• TASK TO COMPLETE: Please reproduce exactly, and only, the lines from the one with "Pine Kids Velcro" through the last line of the listing below, both ends included, leaving out the pictures.
------------------------
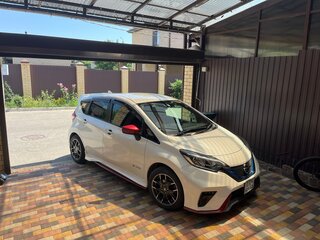 2017 Nissan Note Nismo e-Power II Рестайлинг, белый, 1600000 рублей, вид 1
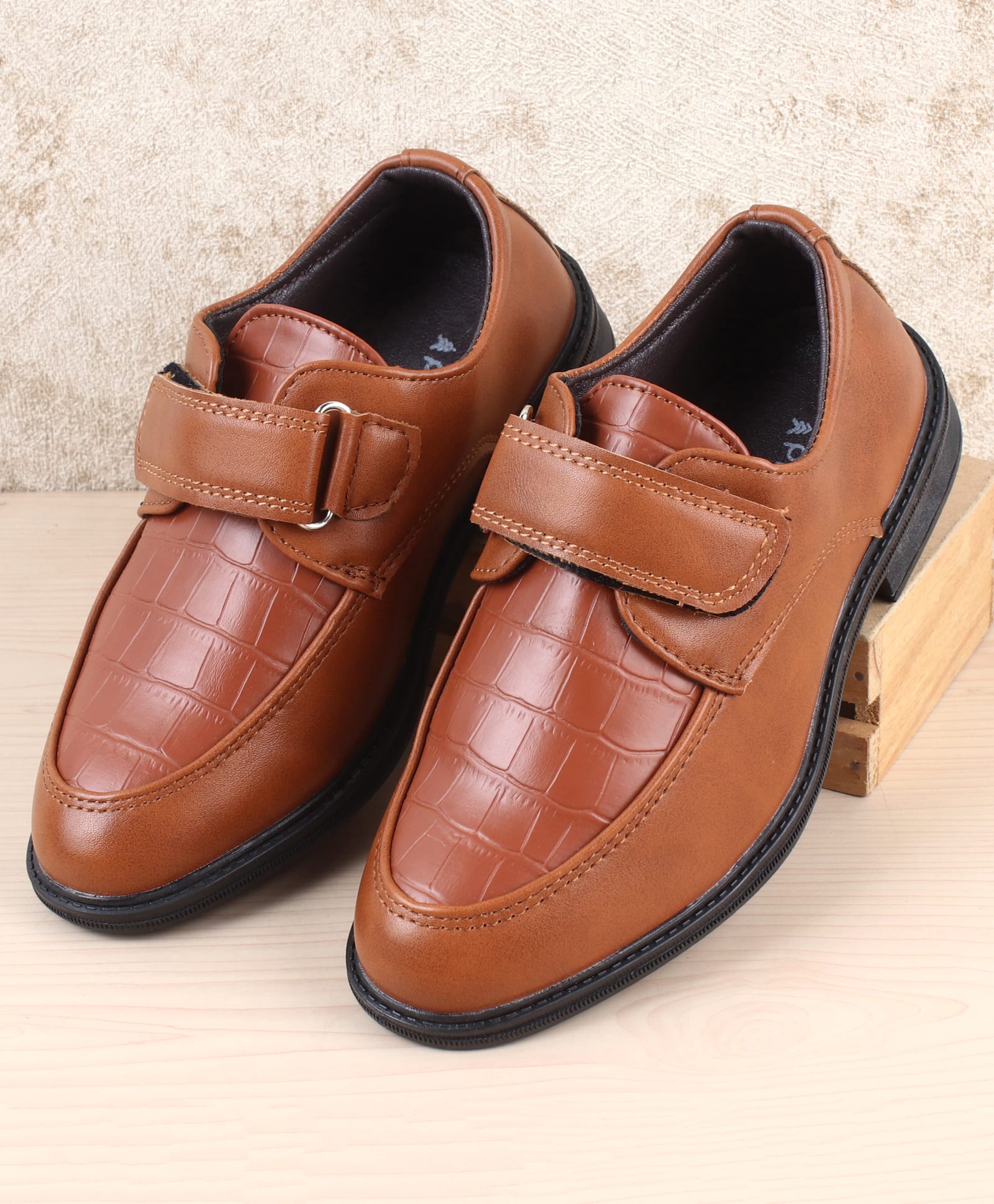 Pine Kids Velcro Closure Solid Oxfords - Brown
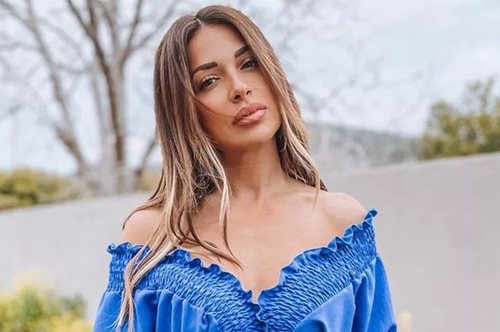 Η Ελένη Χατζίδου έβγαλε on camera την περούκα που φορά κάθε μέρα στο πλατό της εκπομπής της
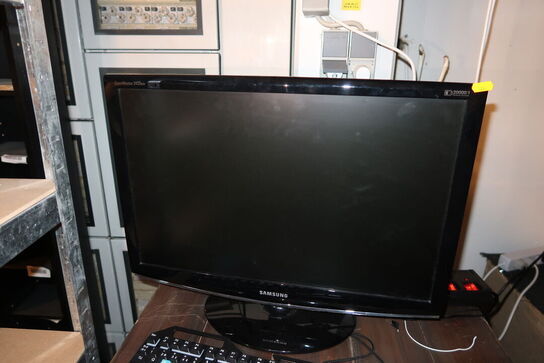 Computerskærm, computer, tastatur, mus m.m.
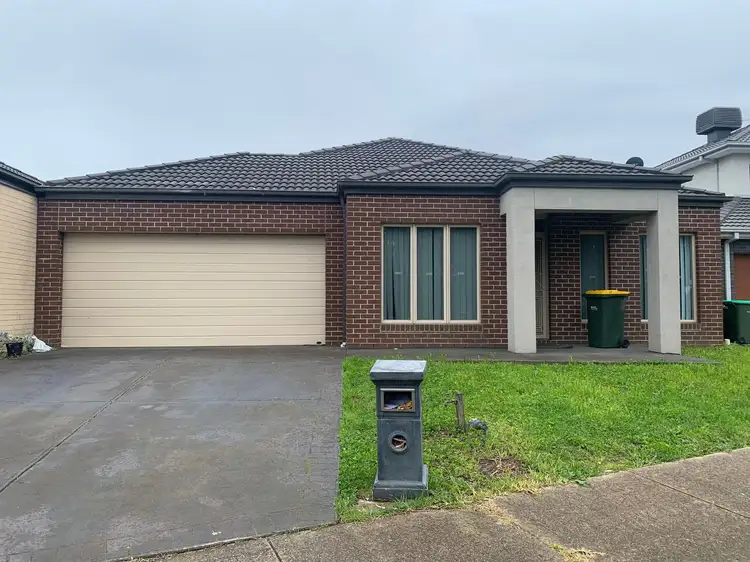 8 Falkirk Drive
------------------------
• TASK ANSWER:
 Pine Kids Velcro Closure Solid Oxfords - Brown
 Η Ελένη Χατζίδου έβγαλε on camera την περούκα που φορά κάθε μέρα στο πλατό της εκπομπής της
 Computerskærm, computer, tastatur, mus m.m.
 8 Falkirk Drive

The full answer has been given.